May 25, 2016 | Posted by Larry Csonka

– Eric Young recently spoke with therichest.com, here are the highlights…

On His Early Career: Each was his own individual, that’s for sure. Waldo, he was pretty old and beat up when I met him, and he’s since passed on, but he was a great guy and a lot of what I learned from Waldo wasn’t any of the physical stuff, it was the mentality, it was the psychology of wrestling, being in character and making people believe. Those are the things that I hold near and dear still to this day, and this is the guy who still holds the record for longest match in Madison Square Garden history, ninety three minutes with Bruno Sammartino. People thought he was a real Nazi, and they tried to kill him. It’s hard to imagine how good that would make you feel, and that sounds crazy to say but having people hate you that much and making them hate you is just insane. All those guys were a very integral part early on and even later on in my life. Scott, I’m not sitting here talking to you guys if it’s not for Scott D’Amore. Kanyon, was actually shooting the Jesse Ventura story. He was outsourced by WCW to be the head fight choreographer and stunt coordinator for the Jesse Ventura movie which aired on, I believe, NBC. It was the unsanctioned, official/unofficial Jesse Ventura movie. I met him (Kanyon) up in Toronto. I did a small part in the movie, and up until I started wrestling for TNA it was the most money I had ever made in wrestling, which is hilarious because it’s about 30 seconds of wrestling. You see me, but you can’t really tell it’s me. (In the story) Jesse had just come back from the army, and I go to the ring and there is a quick spot. It was cool being with a guy that was on TV, and I guy that I really liked. He was really innovative and was kind of ahead of his time, doing stuff that nobody was doing way back then.

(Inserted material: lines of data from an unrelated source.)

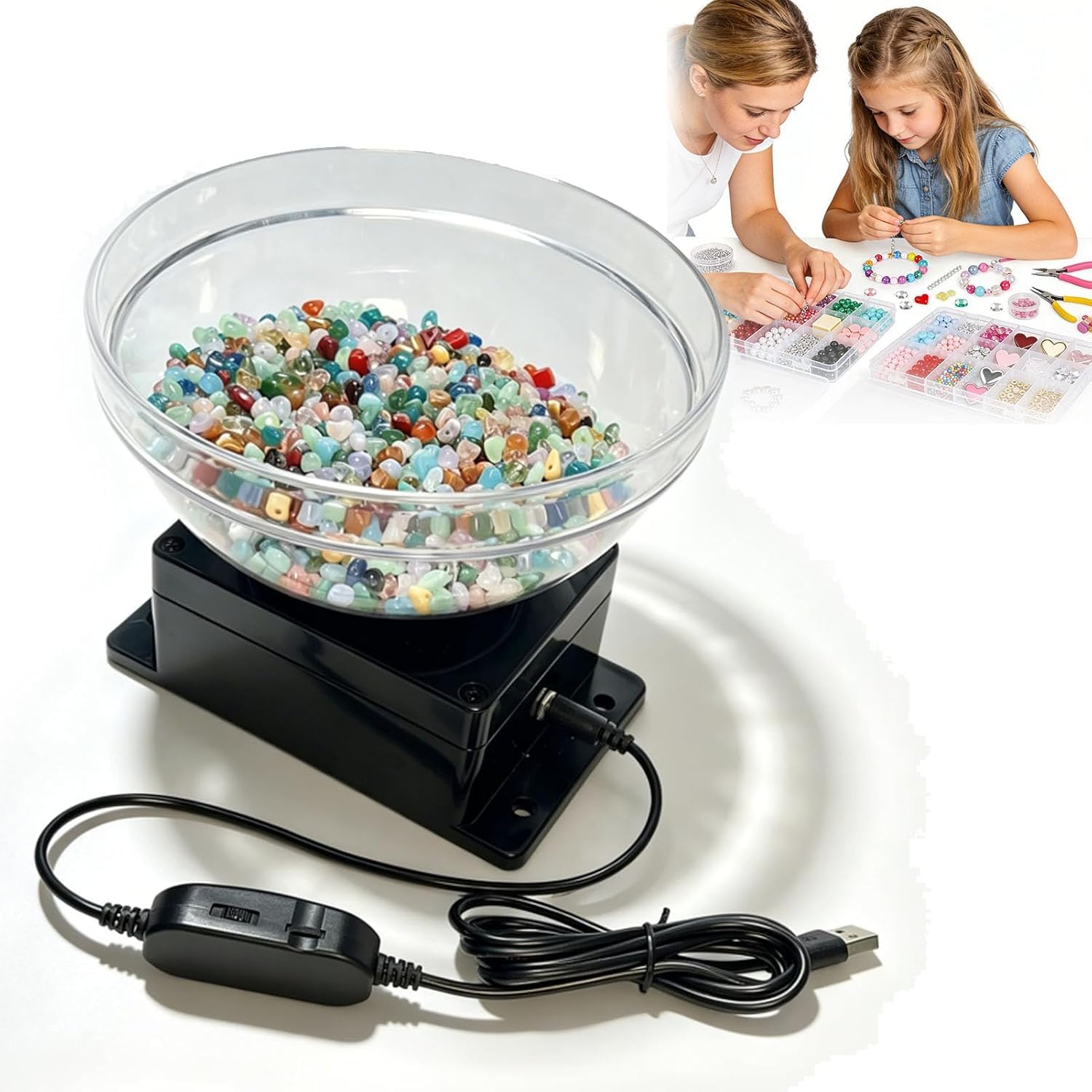 Eoweiot Kit para hacer hiladoras eléctricas de cuentas con control de velocidad continuo y recipiente grande para cuentas de semillas, herramienta profesional para la fabricación de joyas DIY.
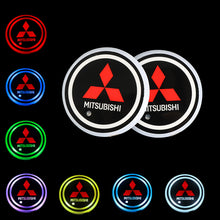 Load image into Gallery viewer, BRAND NEW UNIVERSAL V2 2PCS MITSUBISHI Switchable Seven Colorful LED Car Cup Holder Mat Coaster Pad
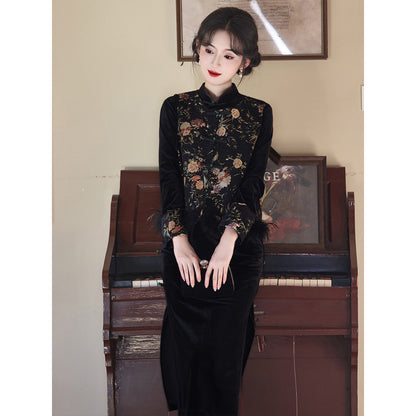 Women's Qipao Mobi 墨笔 Asian Thicken Dress Chinese Modern Hanfu Clothing Velvet Cheongsam Winter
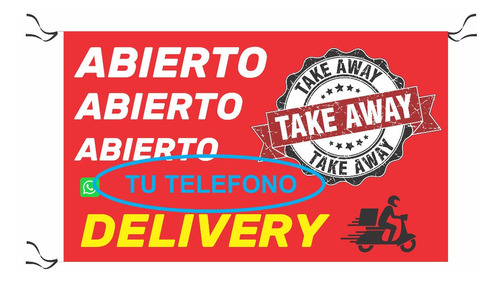 Bandera Cartel Delivery Takeaway Personalizado 2x1.24m Tela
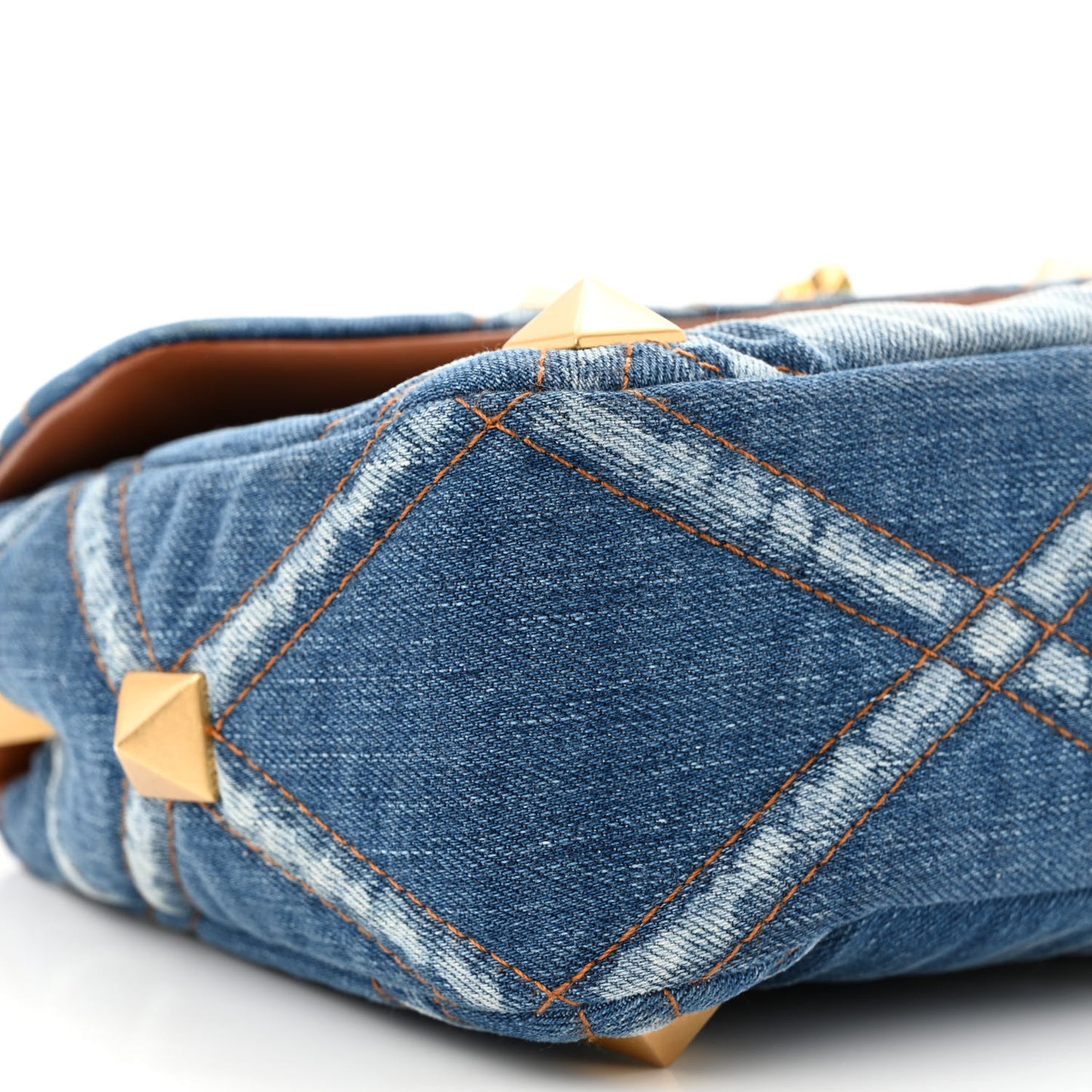 Denim Large Roman Stud Shoulder Bag Light Denim Selleria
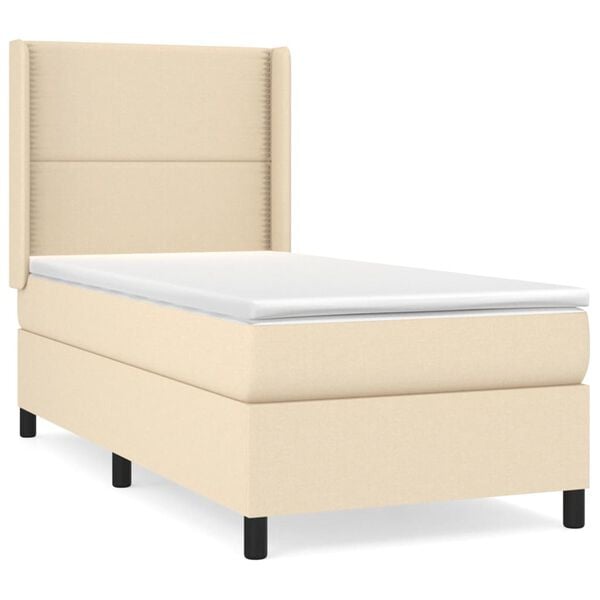 vidaXL Cama box spring con colch&oacute;n tela color crema 100x200 cm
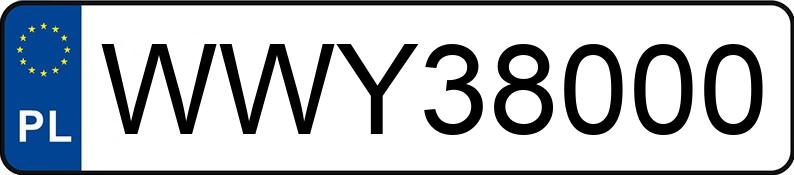 Numer rejestracyjny WWY 38000 posiada VOLVO S60 - WWY38000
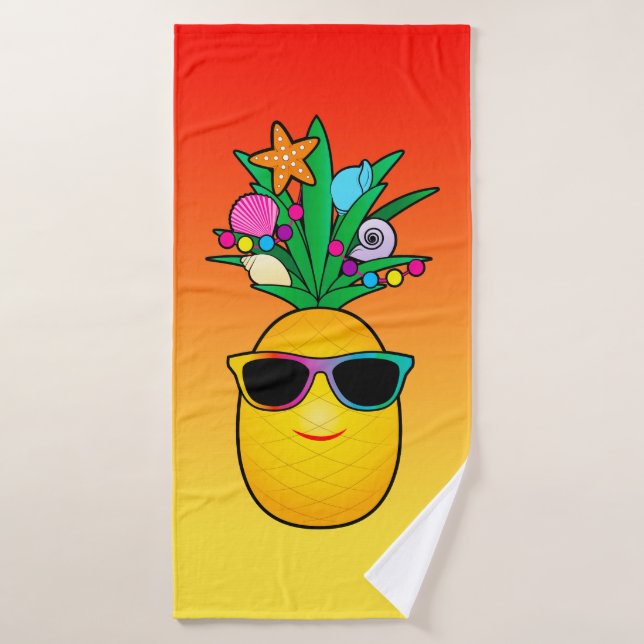 Bande dessinée tropicale d'ananas avec des nuances (Serviette de bain)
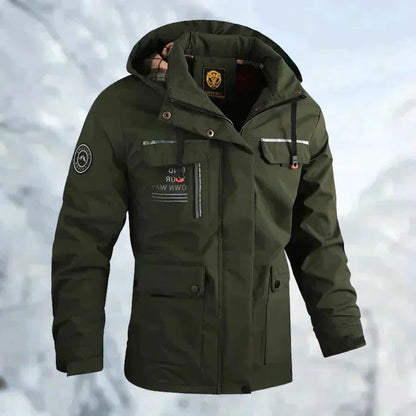 Belro men's windproof and waterproof outdoor jacket with hood, showing durable fabric and full front zipper.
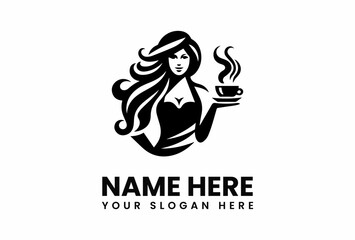 Stylized woman with flowing hair holding a steaming cup of coffee.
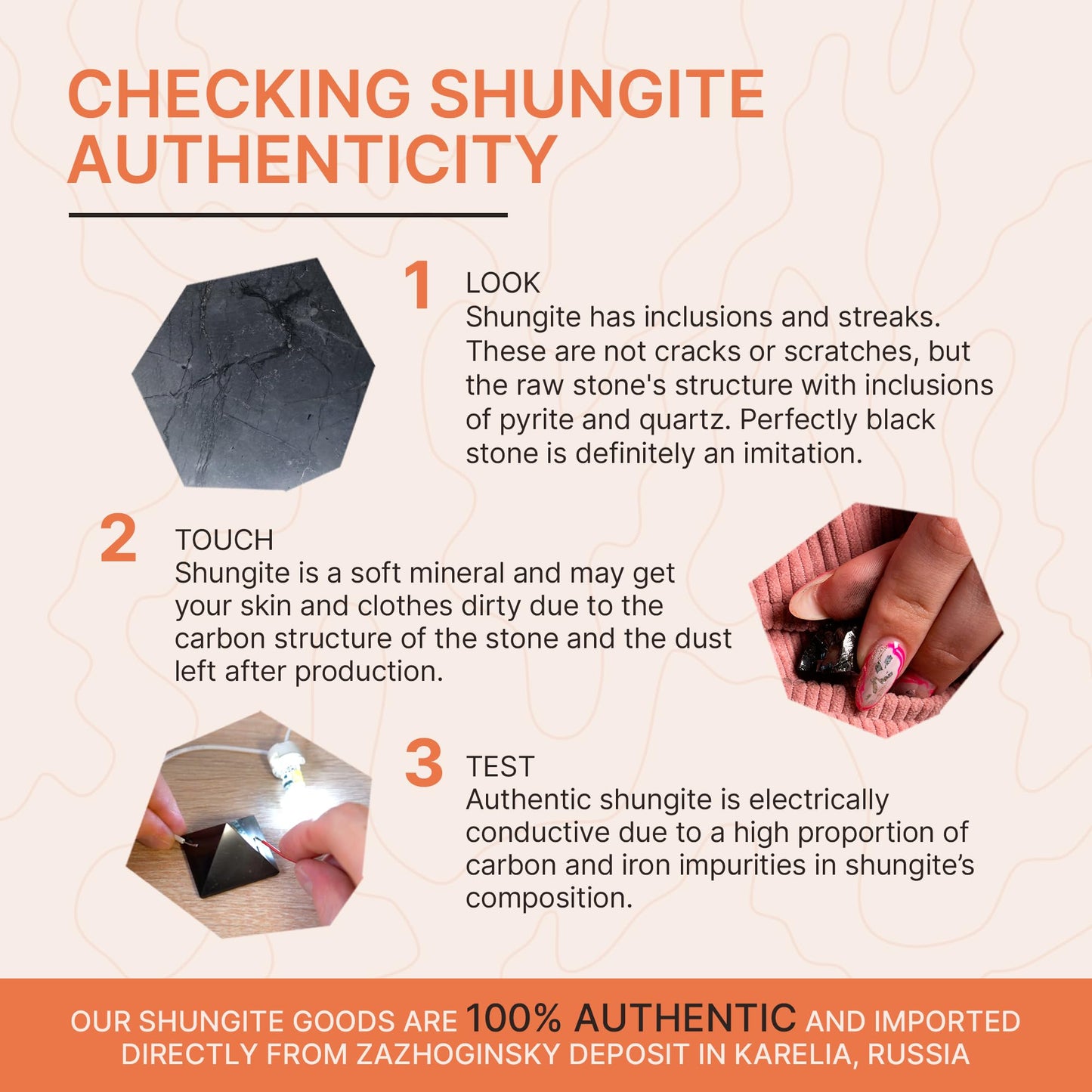Authentic Shungite Pyramid Polished 2.8"(7cm), Premium Protection Crystals for House & Office, Karelian Black Stone Energy Pyramid for Root Chakra Meditation, Grounding & Negative Energy Blocker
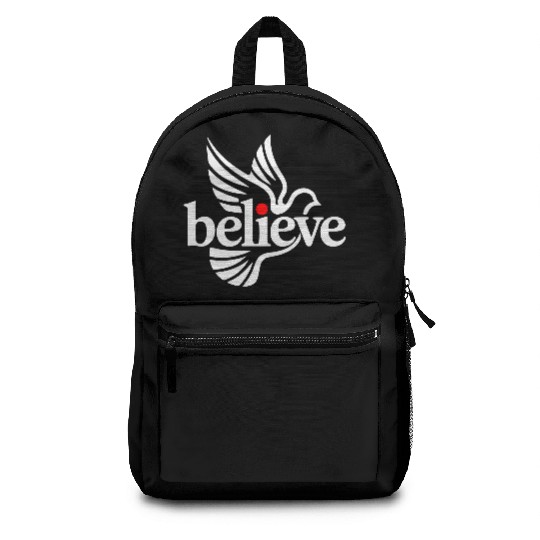 Believe white Backpacks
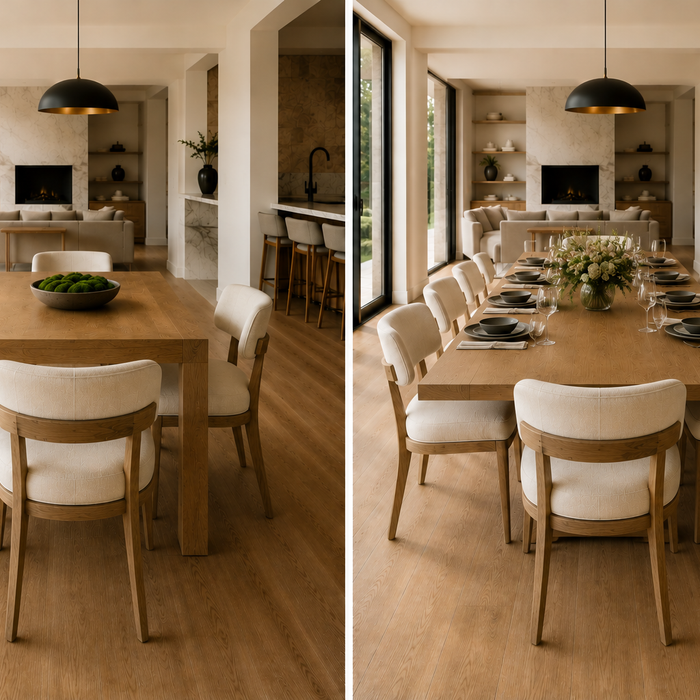 Extendable vs fixed dining table comparison showing compact everyday seating and expanded guest seating in a luxury dining room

On Training Wrestlers: There were actually two, Wrestleplex Ontario and Wrestleplex Vancouver, that were loosely affiliated. I knew the guy that was running the one out there (in Vancouver) and I really like him, Rocket Randy Tyler. Nelson Creed, was another guy very good friend of mine that was helping run the school there. I started the Ontario school because I loved training guys and started doing it really early on. Carl LeDuc was responsible for all of my physical in-ring training, and lived at the same apartment, and trained us five days a week. I had some experience and I guess I was one of the better students since I was there every night, so I got to take it over the training. Then I started doing indies and stuff and tryouts with the WWE, and I really wanted a place where I could stay sharp.I loved wrestling, so being able to have my own ring, to go out there and work on stuff and go over whatever I wanted sounded really appealing to me. I didn’t have a pile of students, but a lot of really good students, a real good group of guys that were really dedicated and there several nights a week. It was an amazing experience. I’m happy to say I trained Tye Dillinger of NXT, I was the first school he went to. He was good right away; I could tell him one thing or show him one thing and he could already do it, and do it probably better than I could. When he signed his first deal it was kind of like your kid going to Harvard, and he’s still there and is very very respected for several reasons, but his in-ring ability speaks for itself. Crazzy Steve that works for TNA is another guy I trained. Jake O’Reilly, Ashley Sixx, Chris Chambers, these are all guys out of Ontario that have done something and made a good name for themselves. I never guaranteed anything, I just said if you come here, you’ll know how to wrestle. Whether that means you’ll be able to do it for a living or do it for independently that’s up to you. It was a blast having the school.